With a more assertive new Saudi monarchy intent on defeating Iran, time has come for an unconditional Saudi-Israeli peace agreement that would confront Iranian terror, combat ISIS, stabilize the region, and resolve any outstanding issues, such as the Palestinian cause, through cooperation rather than confrontation.
Saudi Arabia has the best of relationships today with Jordan and Egypt, two Arab countries that have committed themselves to stability and have signed their own peace agreements with Israel. There is no reason why King Salman should not follow suit to strengthen the union of those countries who share similar goals to confront the Iranian threat.
An Arab-Israeli peace agreement, under the Arab Peace Initiative, was proposed in 2002 by the Arab League, and again re-endorsed during the Riyadh Summit in 2007. The problem for the Israelis was that the Initiative was conditional upon the return to the 1967 borders and on the affirmation of U.N. Resolution 194. It happened just as Hamas committed the Passover Massacre, which made the offer quite unrealistic for a security-conscious Israel.

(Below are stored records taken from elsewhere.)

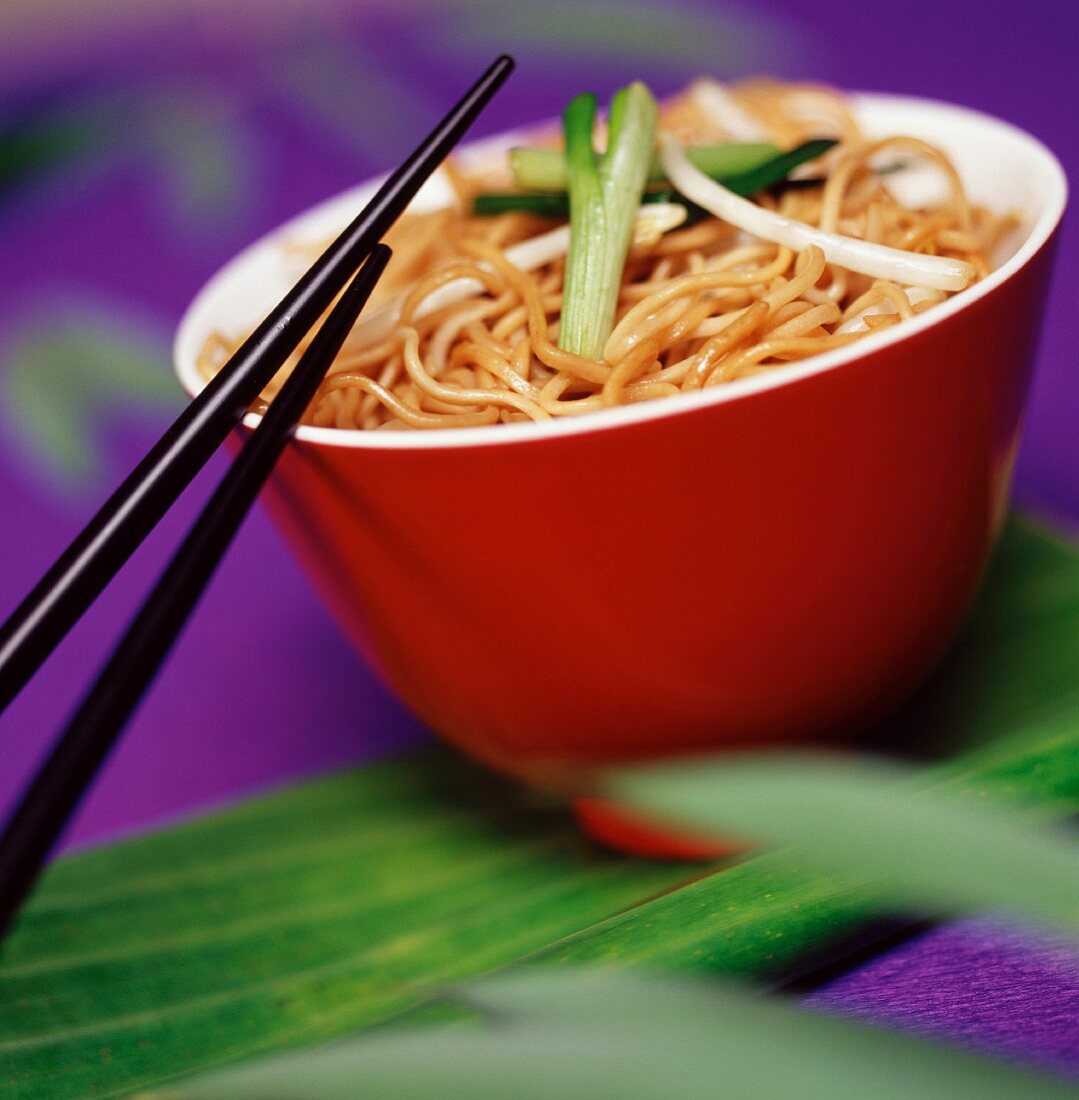 Bowl of Chinese noodles with chopsticks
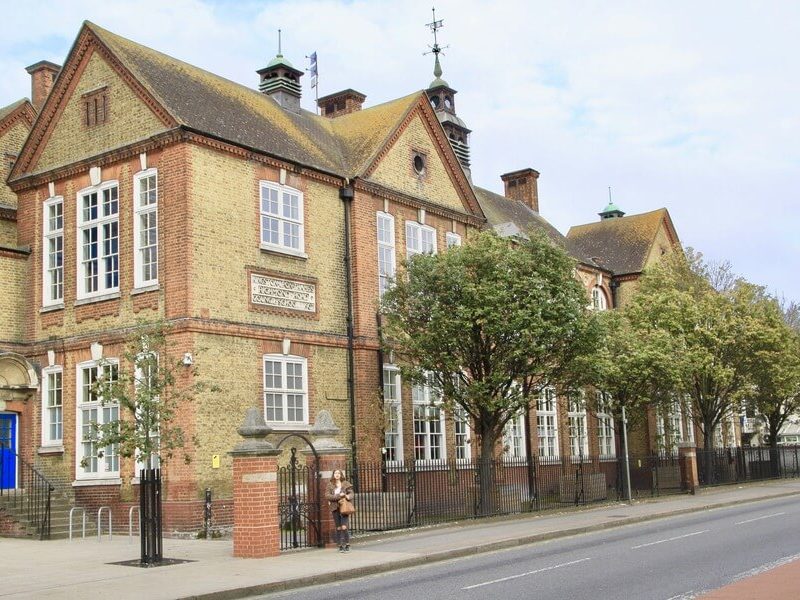 A long view of a yellow and red brick building with many large windows, a fenced front, and trees. A small archway and gate are visible on the left, and two people stand near the gate.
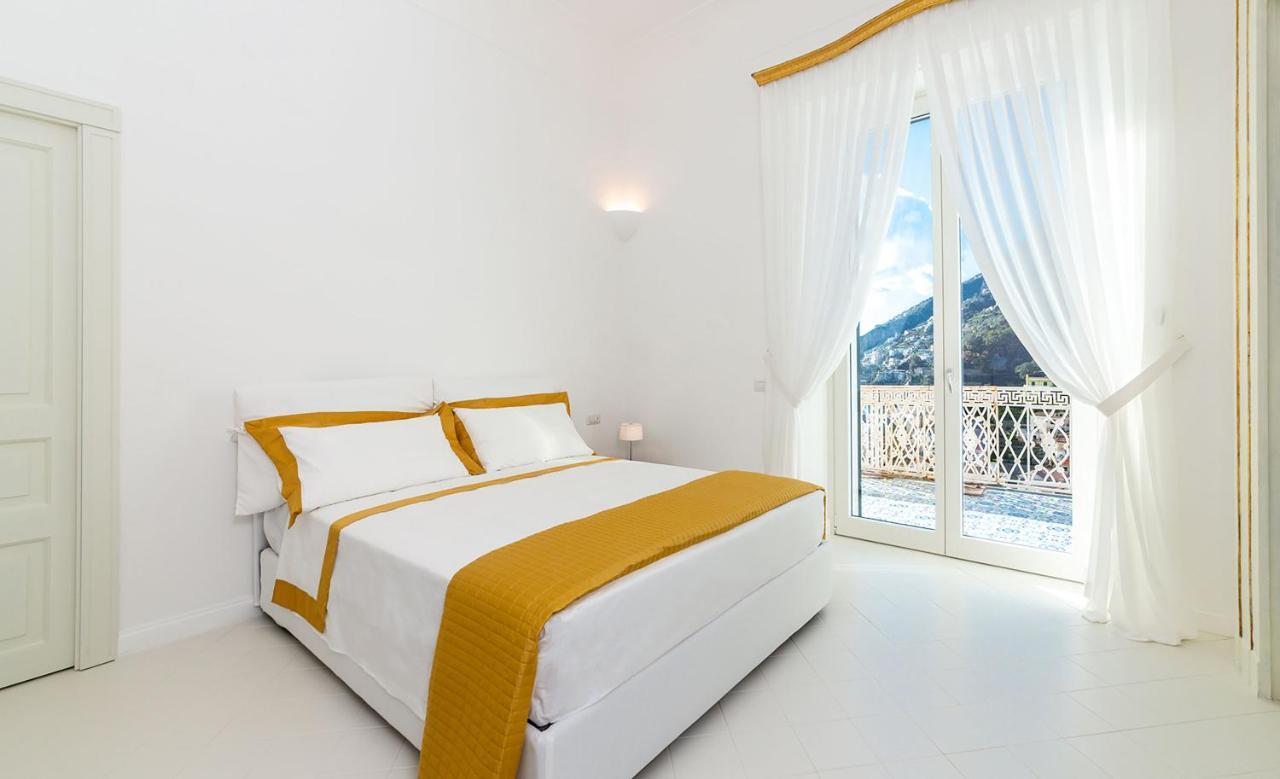 Amore Rentals - Palazzo Della Storia Amalfi Bagian luar foto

Nothing changed since considering the terror Israel faces everyday.
Between 2002 and 2007, Iran was under much American scrutiny and pressure. Today, Barack Obama is seeking a detente with an emboldened Iran attempting to expand its influence in the region, and already occupying four Arab capitals. The Iran we knew under George Bush was far less dangerous than the Iran Barack Obama has created and is intent on imposing upon the region.
The dynamics are also quite different today. Even though King Salman of Saudi Arabia has decided to confront Iran in Yemen and Syria, Iran is not about to quit its rogue behavior, nor quit on building a nuclear program that could threaten Israel and all the Arab countries. An unconditional Saudi-Israeli peace agreement makes all the sense in the world under the prevailing geo-political conditions of the region.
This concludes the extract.